◆ Problem: When the listing below reaches the line that has "Two Kitchen Chairs", start reproducing exactly; stop after the line that has "Mercedes-Benz GLC 300", and drop the pictures.

===== Source information =====

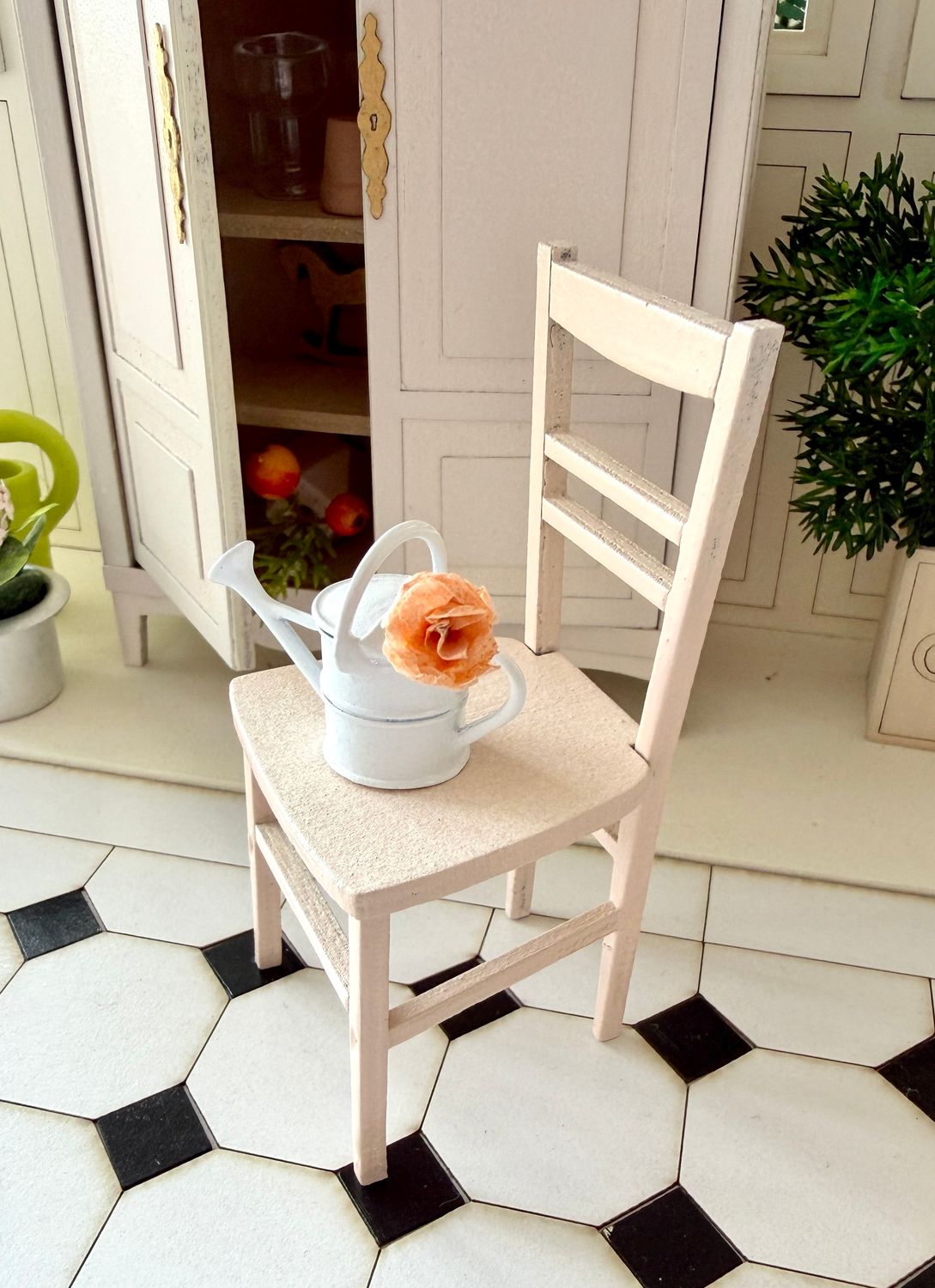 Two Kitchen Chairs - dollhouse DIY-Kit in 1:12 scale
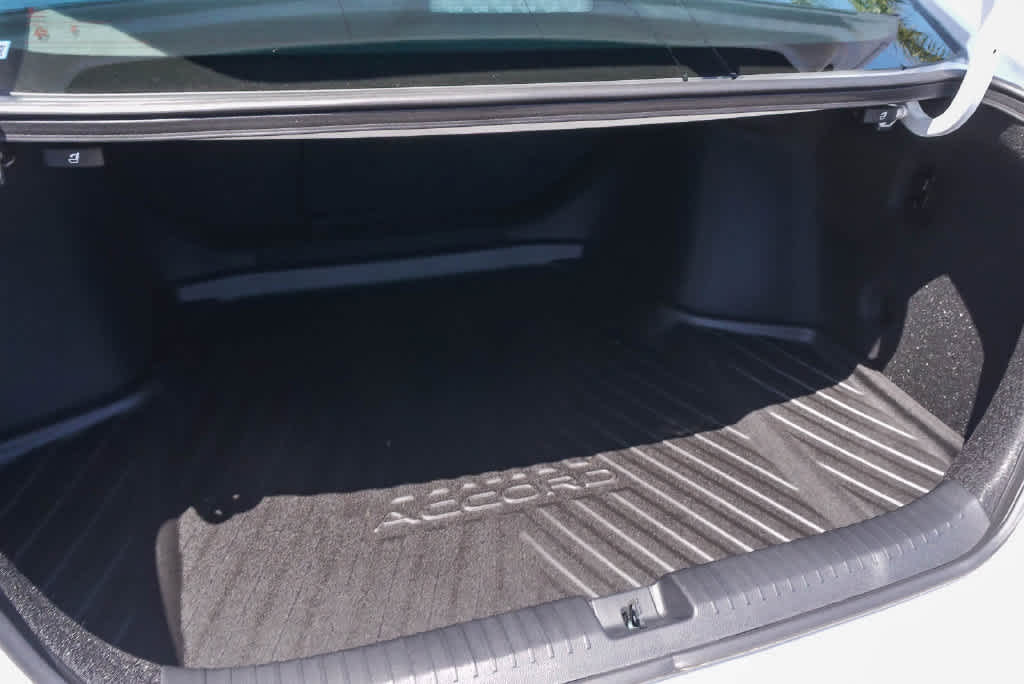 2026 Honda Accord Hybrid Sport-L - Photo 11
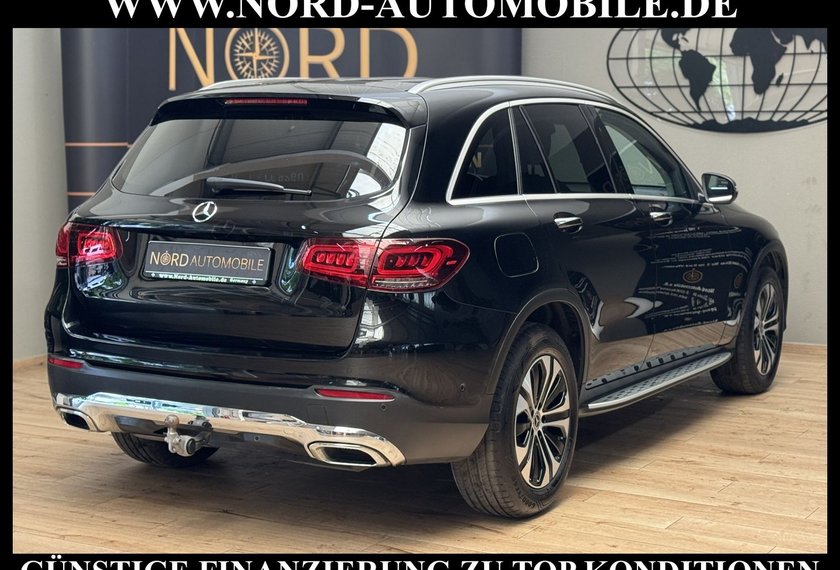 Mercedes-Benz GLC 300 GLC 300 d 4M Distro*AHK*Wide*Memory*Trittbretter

=====
===== Source information =====

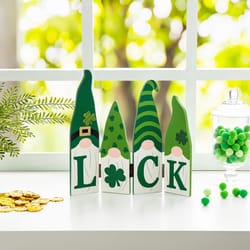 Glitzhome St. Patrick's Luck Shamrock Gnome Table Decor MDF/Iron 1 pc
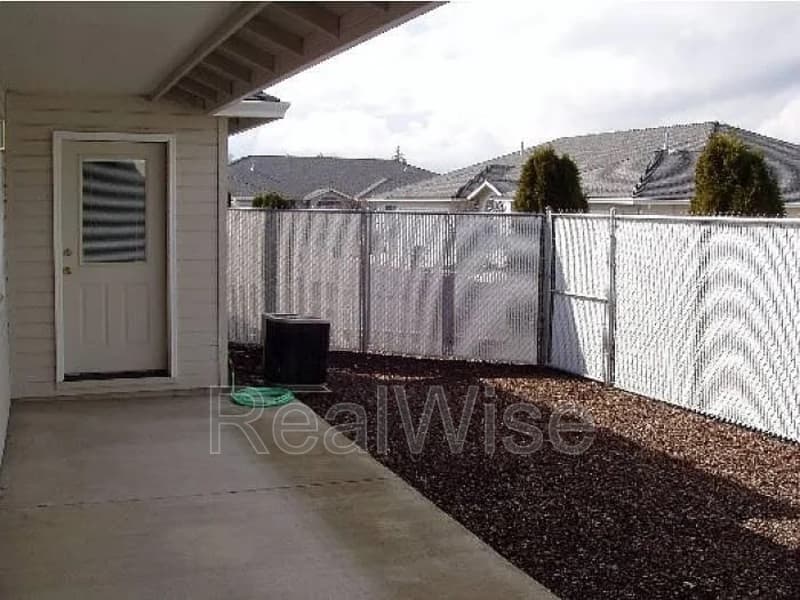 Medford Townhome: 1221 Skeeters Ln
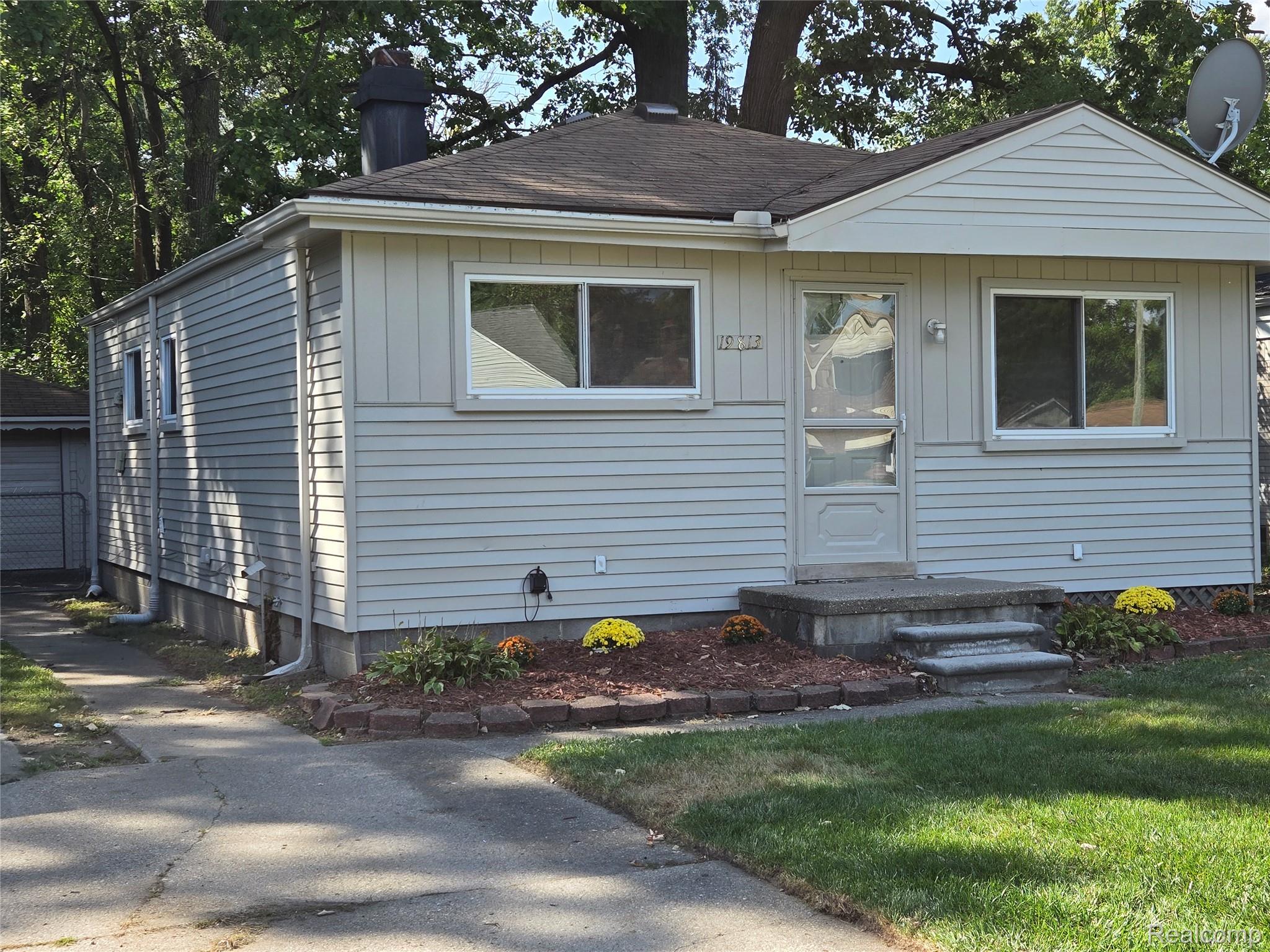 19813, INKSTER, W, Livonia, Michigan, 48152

=====
===== Source information =====

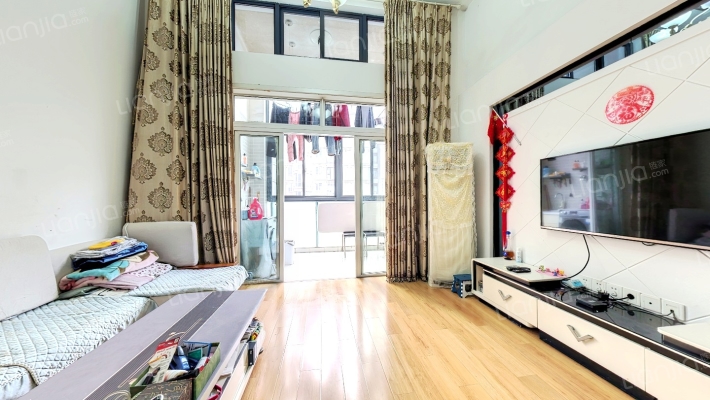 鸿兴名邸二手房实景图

=====

◆ Exercise solution:
 Two Kitchen Chairs - dollhouse DIY-Kit in 1:12 scale
 2026 Honda Accord Hybrid Sport-L - Photo 11
 Mercedes-Benz GLC 300 GLC 300 d 4M Distro*AHK*Wide*Memory*Trittbretter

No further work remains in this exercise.